Rights and responsibilities for all full-time faculty
A university’s faculty is the core of an institution that must contribute to the good of society in ways that go beyond just the advancement of individual faculty members’ interests. Full-time faculty contribute to the university’s purpose of transmitting, evaluating, and extending knowledge for the greater good of society, actively engaging in research/scholarship/creative activity and/or professional development, as well as participating in service to the university, the community, and the profession.
Faculty members’ employment relationships and roles with the university vary according to position. Faculty members carry special and varying responsibilities with respect to the creation and maintenance of high quality curricula, scholarship, nurture of students in the educational process, and overall governance of the institution.
Faculty members enjoy academic freedom – the right to teach, study, and engage in research toward the end of transmitting, evaluating and extending knowledge, under conditions permitting independence of thought and expression.
Academic units shall have clearly defined voting and other governance rights and responsibilities in their bylaws for full-time faculty, including tenured, tenure-track, and non-tenure-track.2
Faculty members must adhere to professional standards of conduct. No faculty member shall make any representations to, or enter into any agreement with, or act toward any student or other person in any manner which is not in conformity with established university policies, practices and procedures, including those contained in the Faculty Handbook, student handbooks, and university catalogues.
Rights and responsibilities for tenured and tenure-track faculty3
In this community of scholars, tenure is designed (paraphrasing the words of the AAUP’s “1940 Statement of Principles on Academic Freedom and Tenure” and “1982 Recommended Institutional Regulations on Academic Freedom and Tenure”) to ensure that the university remains a marketplace of ideas that cannot require conformity with any orthodoxy of content or method in fulfilling its purpose of transmitting, evaluating and extending knowledge for the greater good of society. Tenure is established as a means to maintain freedom of teaching, research, scholarship, creative activities, and service. Tenure at Northeastern University is defined in the tenure module of the Faculty Handbook.
With the right of academic freedom, tenured and tenure-track faculty members also assume its responsibilities. According to the AAUP “1940 Statement of Principles on Academic Freedom and Tenure,” “College and University teachers are citizens, members of a learned profession, and officers of an educational institution. When they speak or write as citizens, they should be free from institutional censorship or discipline, but their special position in the Community imposes special obligations. As scholars and educational officers, they should remember that the public may judge their profession and their institution by their utterances. Hence, they should at all times be accurate, should exercise appropriate restraint, should show respect for the opinions of others, and should make every effort to indicate that they are not speaking for the institution.”

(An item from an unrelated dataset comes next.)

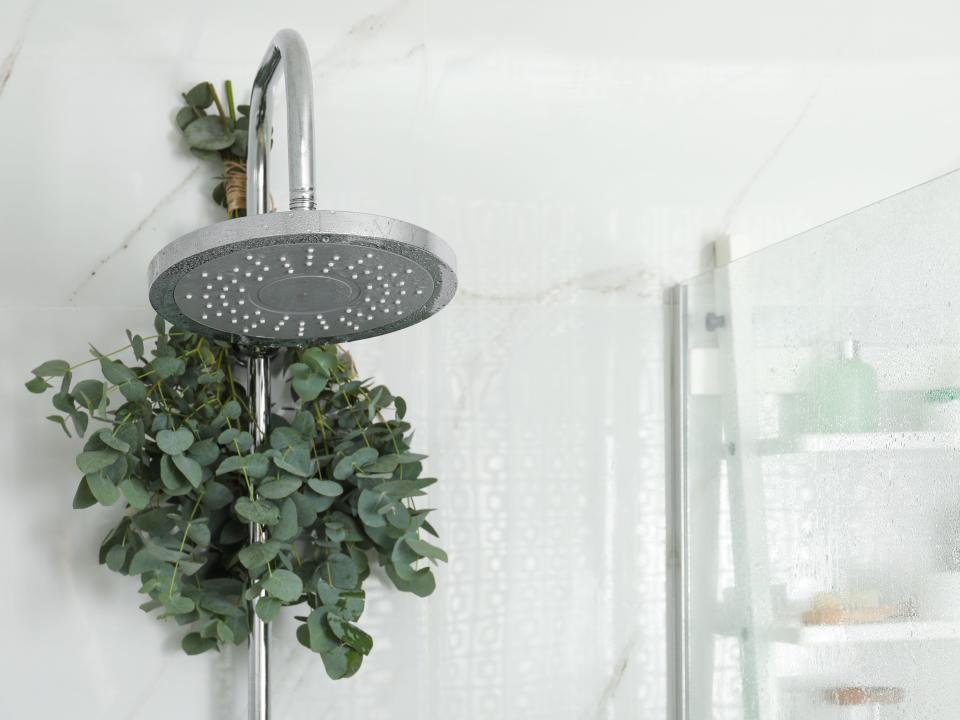 Metal shower head with sprig of eucalyptus hanging off of it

Northeastern expects that tenure-track faculty members will ordinarily launch their careers with a dual focus on effective teaching and on establishing a mature research/scholarship/creative activity and/or professional development agenda capable of carrying them to tenure and beyond. Service expectations for tenure-track faculty members at the beginning of their careers will generally be lighter than those for faculty members who are tenured or are close to a tenure decision and are geared not only toward the needs of the unit, but toward introducing tenure-track faculty members to the life of the university.
The attainment of tenure is accompanied by greater responsibility to the university. Tenured faculty members have greater latitude and responsibility in shaping their careers within the mission of Northeastern. While continuing to focus on the application of their knowledge to teaching and on the expansion of their research/scholarship/creative activity and/or professional development agenda, tenured faculty members are expected to provide support and guidance to their junior colleagues and to become increasingly involved in the life and governance of the university. This includes taking on a greater service load and mentoring tenure-track faculty members toward success in their fields and in their quest for tenure.
Rights and responsibilities for full-time non tenure-track faculty4
Northeastern expects that full-time non-tenure-track faculty members will engage in some combination of teaching, research/scholarship/creative activity, and/or professional development, and service as designated by their appointment letters, discipline and assignments. Professional development and service expectations for full-time non-tenure-track faculty members are focused toward the needs of the unit, the college, and the university.
The attainment of promotion is accompanied by greater responsibility to the university. Promoted full-time non-tenure-track faculty members have greater latitude and responsibility in shaping their careers within the mission of the university. While continuing to focus on the application of their knowledge to their responsibilities, promoted full-time non-tenure-track faculty members may be expected to provide support and guidance to their junior colleagues and to become increasingly involved in the life and governance of the university.
- Approved by the Faculty Senate on 11/06/19, by the Provost on 11/07/19 and by the Board of Trustees on 12/06/19.
- Approved by the Faculty Senate on 3/01/17, by the Provost on 3/13/17 and by the Board of Trustees on 4/14/17.
- Faculty members holding the rank of Assistant Professor, Associate Professor, and Professor are considered members of the Northeastern tenure-track and tenured faculty.
- A complete list of non-tenure-track faculty titles is found on the website of the Senior Vice Provost for Academic Affairs.